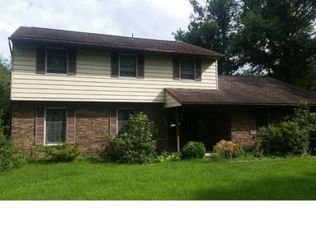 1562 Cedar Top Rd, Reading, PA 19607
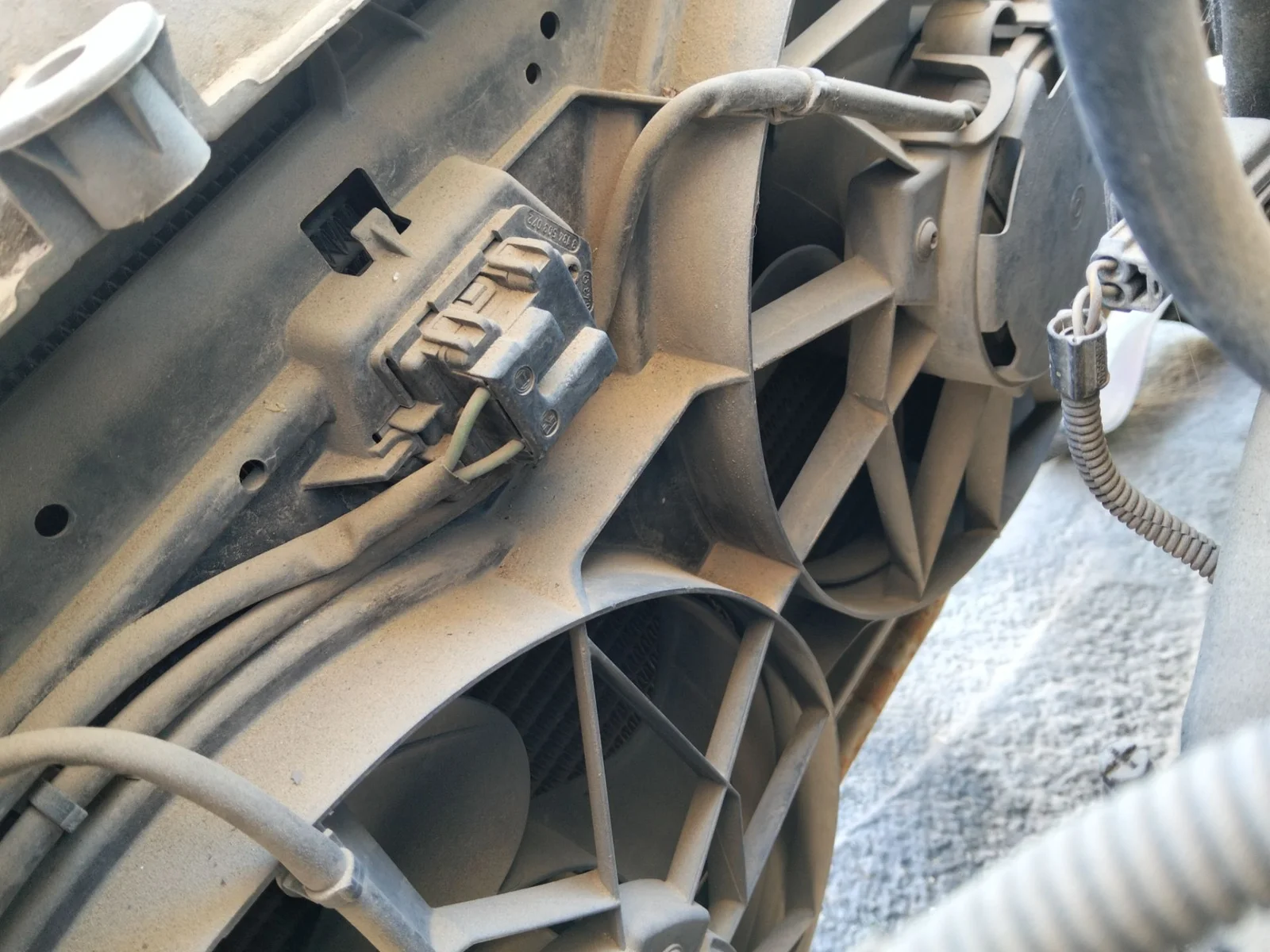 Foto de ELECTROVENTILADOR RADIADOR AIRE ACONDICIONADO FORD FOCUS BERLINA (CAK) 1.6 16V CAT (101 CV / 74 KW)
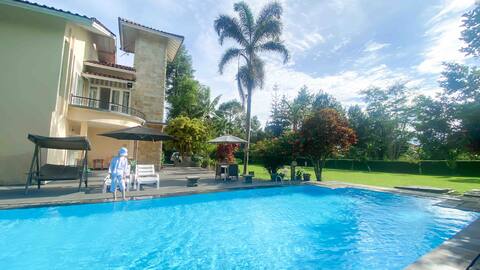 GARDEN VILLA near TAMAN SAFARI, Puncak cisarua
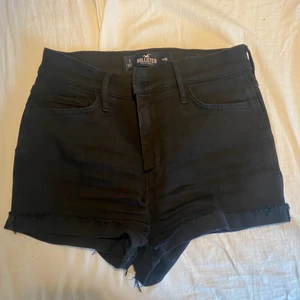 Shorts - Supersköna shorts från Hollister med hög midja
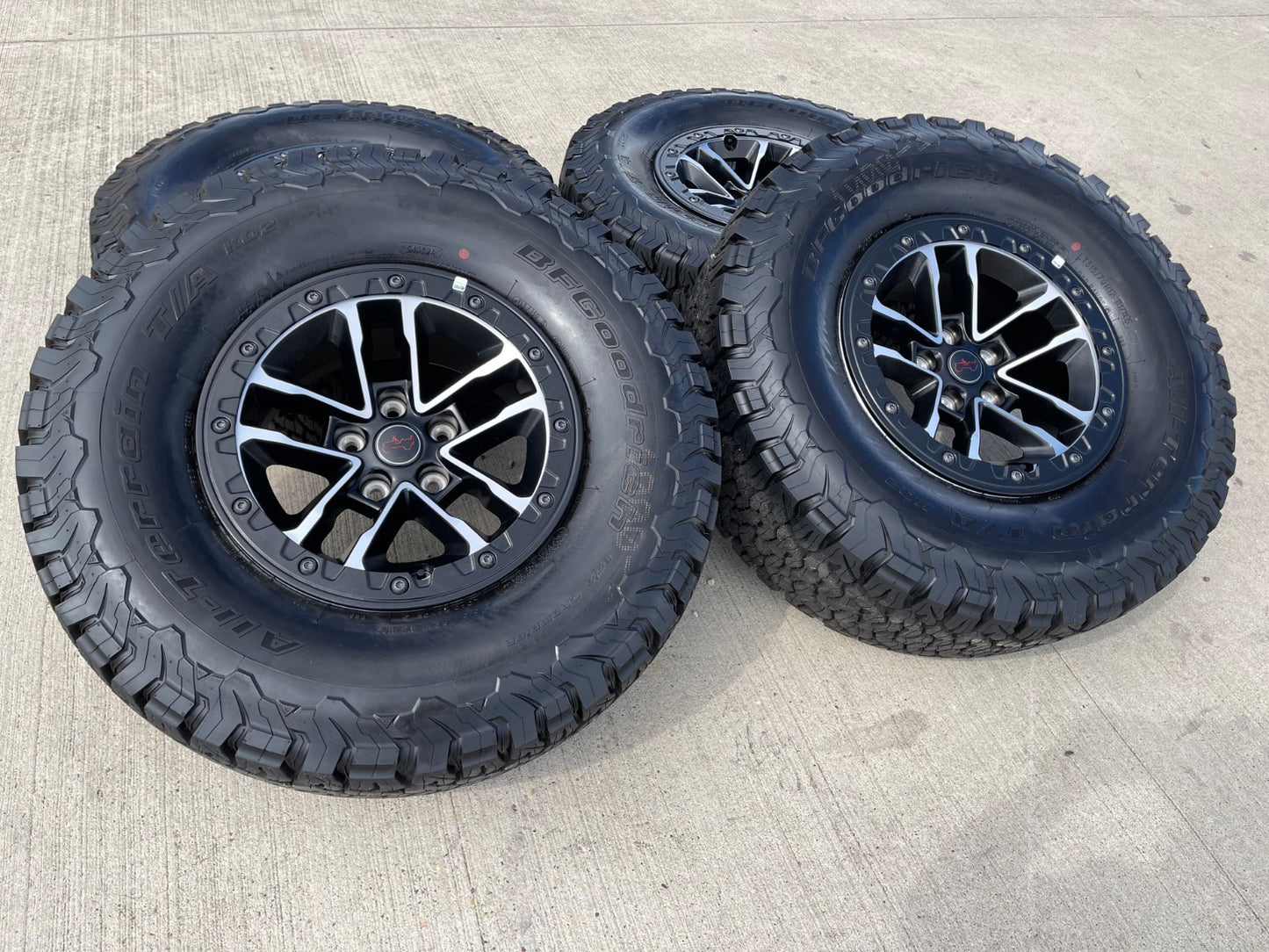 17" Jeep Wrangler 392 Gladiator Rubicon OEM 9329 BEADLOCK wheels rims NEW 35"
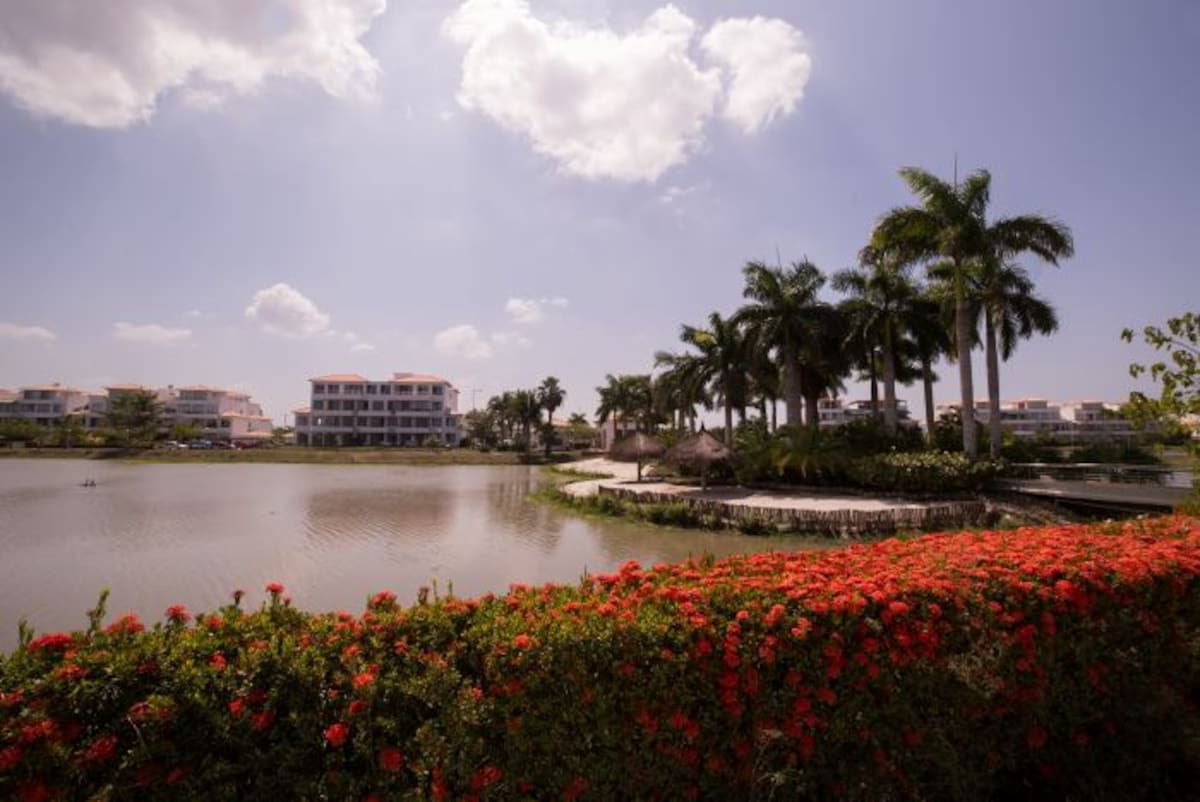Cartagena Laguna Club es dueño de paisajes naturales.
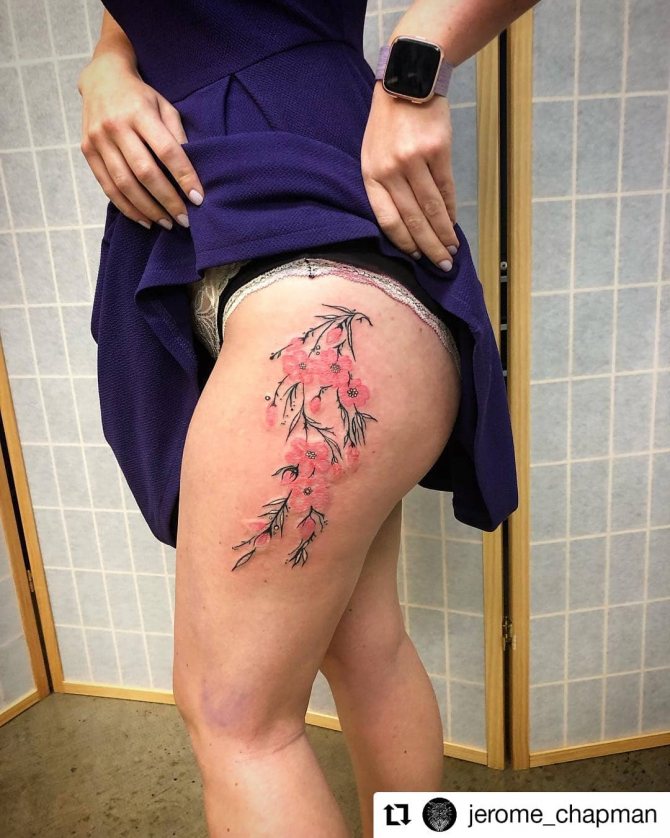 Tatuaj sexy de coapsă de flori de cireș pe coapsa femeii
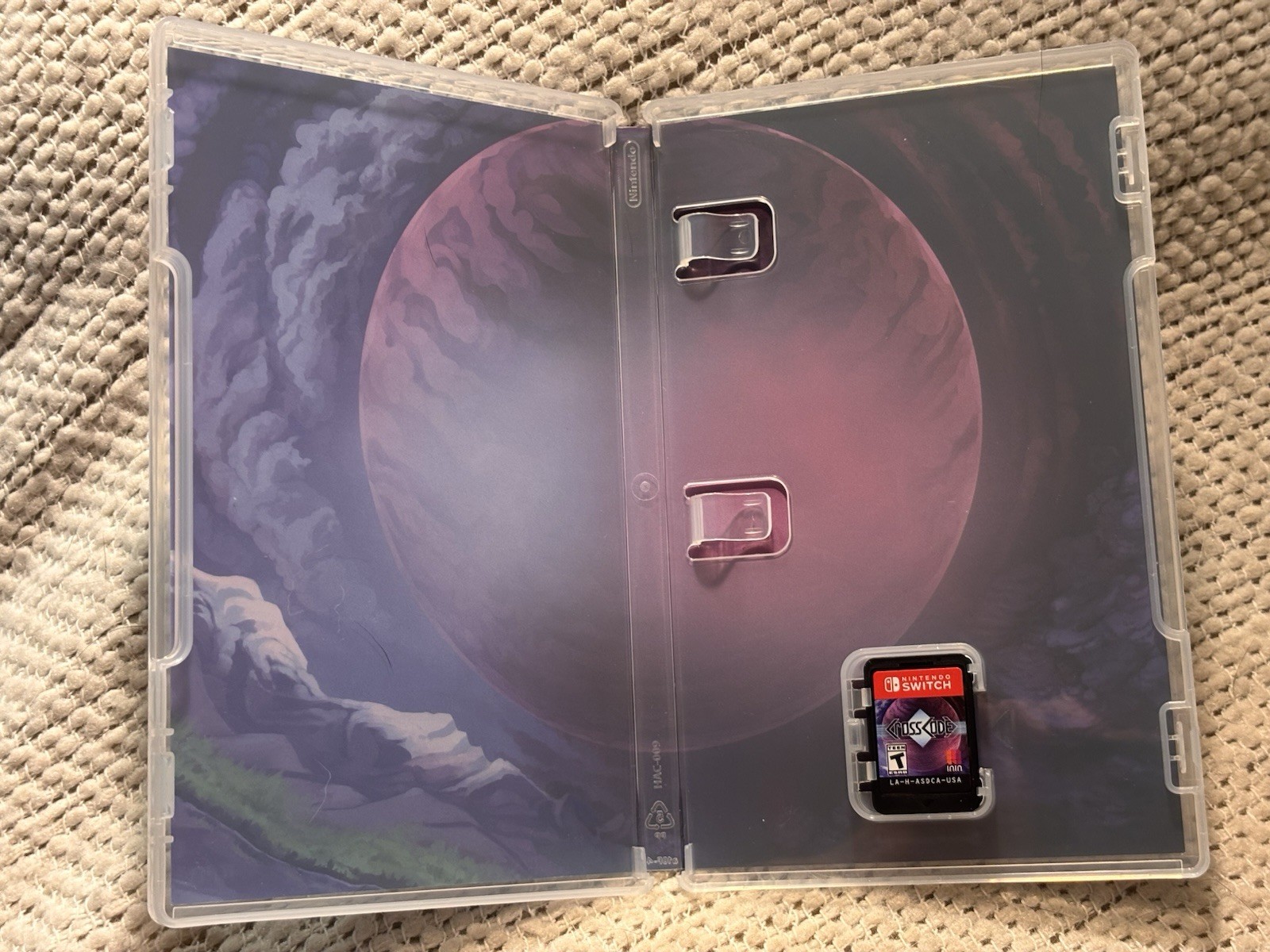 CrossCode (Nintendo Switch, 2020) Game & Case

◆ ◆ ◆ ◆ ◆

**Task description**
Once the line with "GARDEN VILLA near" is found, write out that line and every later line of the listing above exactly, through the last one, and skip any pictures.

**Task answer**
 GARDEN VILLA near TAMAN SAFARI, Puncak cisarua
 Shorts - Supersköna shorts från Hollister med hög midja
 17" Jeep Wrangler 392 Gladiator Rubicon OEM 9329 BEADLOCK wheels rims NEW 35"
Cartagena Laguna Club es dueño de paisajes naturales.
 Tatuaj sexy de coapsă de flori de cireș pe coapsa femeii
 CrossCode (Nintendo Switch, 2020) Game & Case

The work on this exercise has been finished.